A ração concentrada comercial deve ser fornecida em porções controladas e nunca de forma ilimitada. Se o coelho consumir energia em excesso na fase juvenil, ele ganhará peso gordo mais rápido do que a sua estrutura óssea consegue suportar, provocando o arqueamento das patas dianteiras e lesões articulares crónicas que arruinarão a sua vida útil.

Manejo reprodutivo e o valor no cruzamento industrial

Devido ao seu ritmo de maturação lento, o Gigante Flemish também atinge a maturidade sexual mais tarde. Enquanto as raças médias entram em reprodução aos 4 ou 5 meses, as fêmeas Flemish só devem receber a primeira cobertura após completarem os 8 ou 9 meses de idade, garantindo que a sua bacia e estrutura corporal estejam totalmente consolidadas para suportar uma gestação e o peso do parto de forma segura.

As ninhadas costumam ser numerosas, oscilando entre 8 e 12 filhotes. No entanto, o manejo do ninho exige monitoria diária. Por serem pesadas, se as matrizes forem assustadas por ruídos repentinos ou pela presença de predadores, o risco de pisoteamento e esmagamento acidental dos láparos é elevado. Os ninhos para esta raça devem ser desenhados com dimensões amplas, oferecendo espaço para a mãe entrar e sair sem pisar diretamente sobre a ninhada.

Embora o Gigante Flemish puro não seja a opção mais viável economicamente para a produção direta de carne destinada ao abate em virtude do seu crescimento lento e elevado consumo acumulado de ração, ele revela o seu verdadeiro valor económico como um reprodutor de elite no cruzamento industrial. Ao cruzar machos puros Flemish com fêmeas de raças médias de alta fertilidade e rápido crescimento, os descendentes híbridos herdam a excelente conversão alimentar e a precocidade da mãe, combinadas com o ganho de carcaça e a robustez do pai gigante. Esta estratégia permite colocar no mercado animais pesados em menor tempo, otimizando os custos de produção e aumentando a margem de lucro da exploração agropecuária.
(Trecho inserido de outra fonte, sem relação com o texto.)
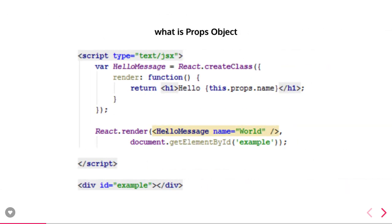The props object is an immutable object which we pass from one component to another as a data source or for data communication, because there is no other way to pass data between components. Props is the way we can pass data and access it in the child component using this.props.propName. For example, passing a 'name' prop with value 'world' and accessing it as this.props.name. Similarly, from a FriendList parent component you can pass a list of friends — either a static array or data from an API call.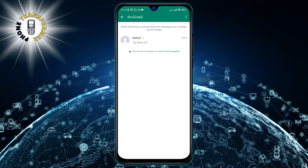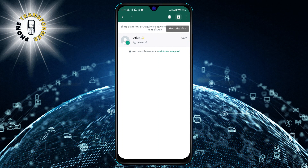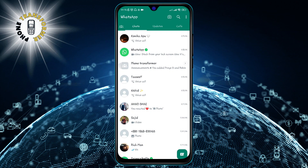Step 4. To unarchive a chat, press and hold the chat that you want to restore. You will see a menu bar at the top with some options. Tap on the unarchive chat button, which looks like a box with an up arrow. The chat will reappear on your main screen and leave the archived folder.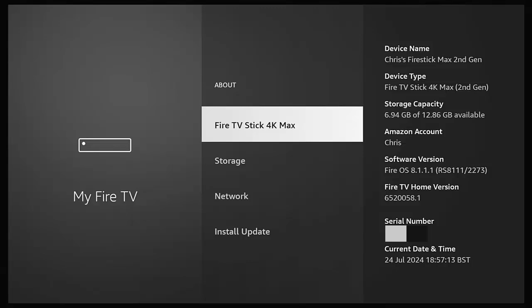So there you go. That guide showed you how you can rename your Fire TV Stick or Fire TV Cube running any version of Fire OS, right the way from version 5 to the current version, which is version 8.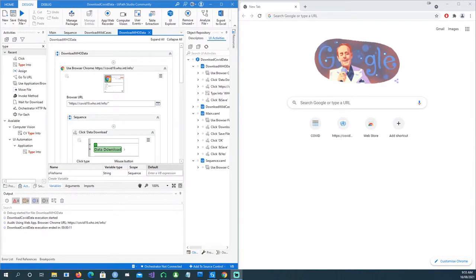Hi, in today's video we will talk about robotic process automation, and I'm using a tool called UiPath Studio Community Edition, which is a free tool you can use.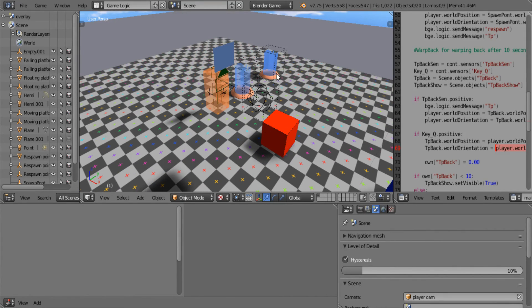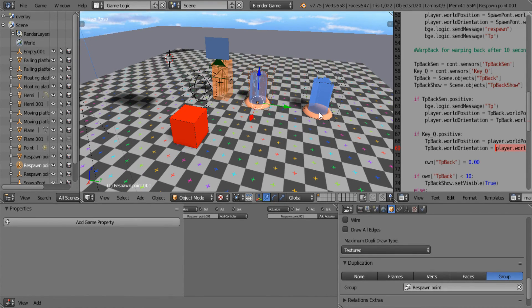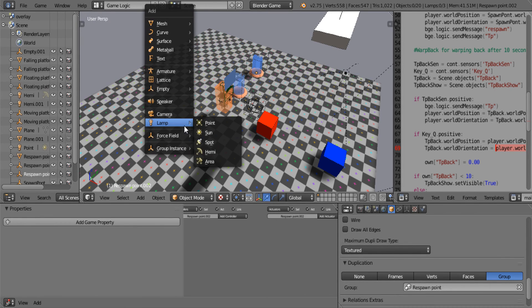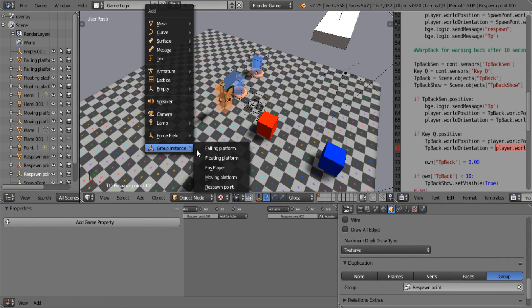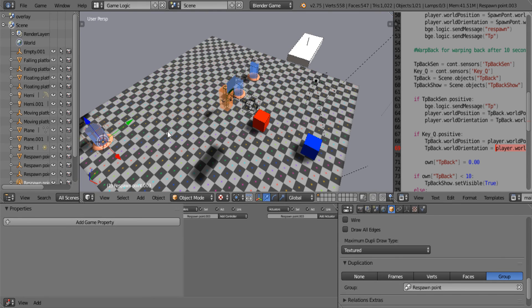Today I'm going to be going over Blender's equivalent of prefabs. So this is using groups. Now if you don't know what a prefab is, it's one object which all the other objects will reference.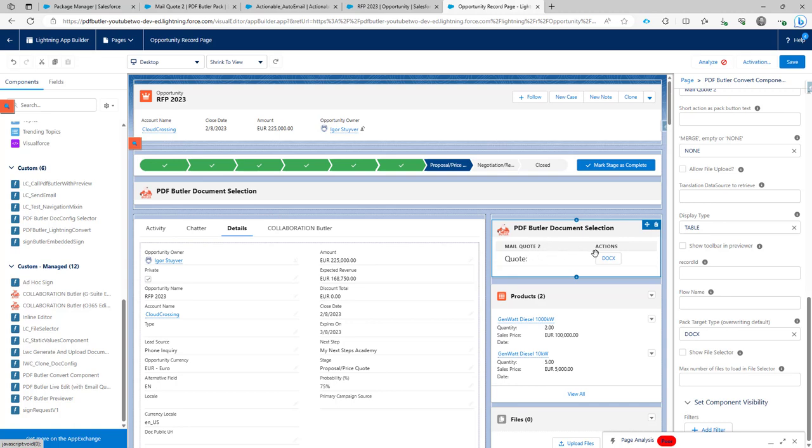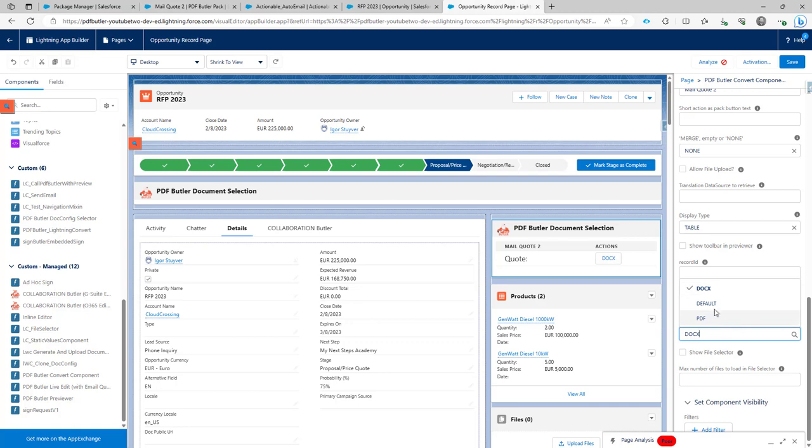So in my pack I can now indicate with the pack target type which type of documents that I want to send, the target type of the documents.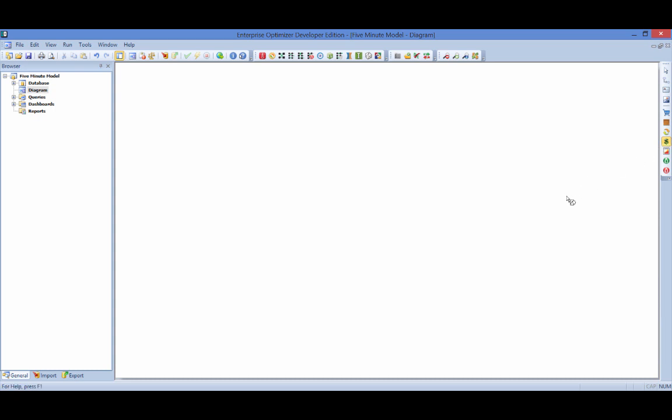The Sales object represents the company's ability to sell three products into four distinct customer segments. The Conversion object represents the company's loan production facility housing three chemical reactors.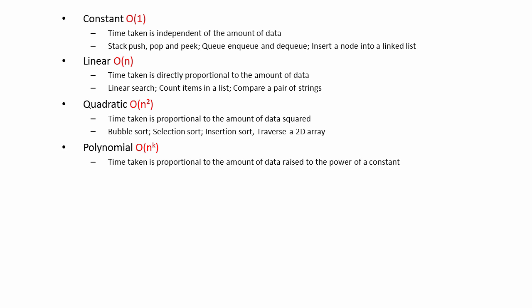Strictly speaking, constant complexity is also polynomial, because any number raised to the power of 0 is 1. With constant complexity, k is 0.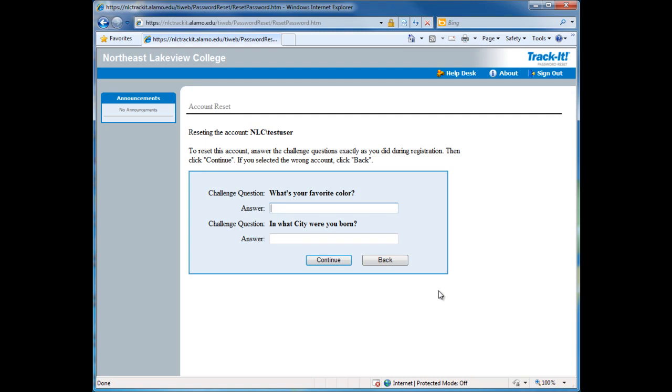Answer the challenge questions that have been set up on the password reset registration. Click on Continue.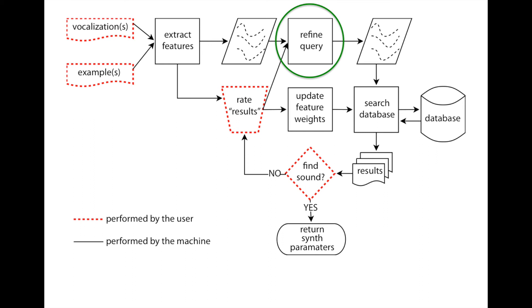Using the refined query and distance measure, the database is queried again, and the cycle repeats until the user finds the desired sound.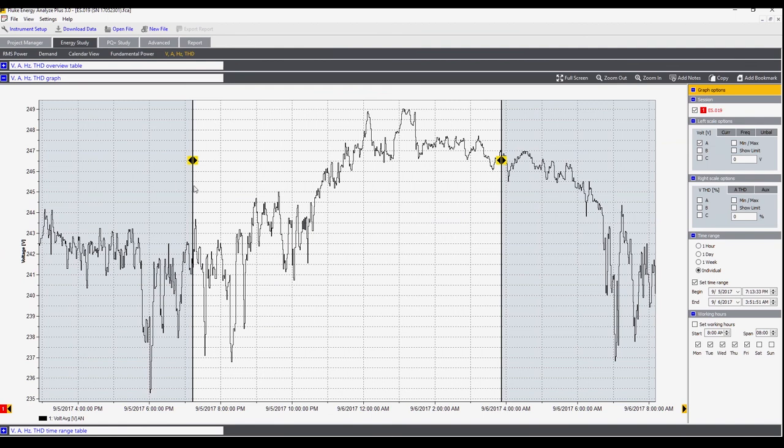Those are the main controls within any of the screens of Energy Analyze Plus software, and that's how you download the recorded data.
Adaptação ambiental ao stress térmico

Por ser uma raça nativa do norte da Europa, o Gigante Flemish possui uma tolerância baixíssima a climas quentes. O seu grande volume corporal e a ausência de mecanismos eficientes de transpiração fazem com que o animal acumule calor interno rapidamente. Quando a temperatura ambiente ultrapassa os 28°C, o coelho entra em stress térmico severo. O primeiro sinal é a perda de apetite, seguida por letargia e, se a temperatura atingir patamares superiores a 30°C sem circulação de ar, o choque térmico e a morte por falha cardíaca tornam-se inevitáveis.

As instalações devem ser rigorosamente planeadas para mitigar o calor. Galpões altos, orientados no sentido nascente-poente para evitar a luz solar direta nas baias, com coberturas isolantes (como telhados de capim ou subcoberturas térmicas) são indispensáveis. A ventilação natural deve ser constante, e o fornecimento de água fresca e limpa deve ser garantido durante as 24 horas do dia.

O criador que domina estes pilares garantindo espaço amplo, proteção contra o calor, nutrição fibrosa e monitoria sanitária encontrará no Gigante Flemish uma ferramenta genética poderosa e uma raça de beleza e docilidade sem igual.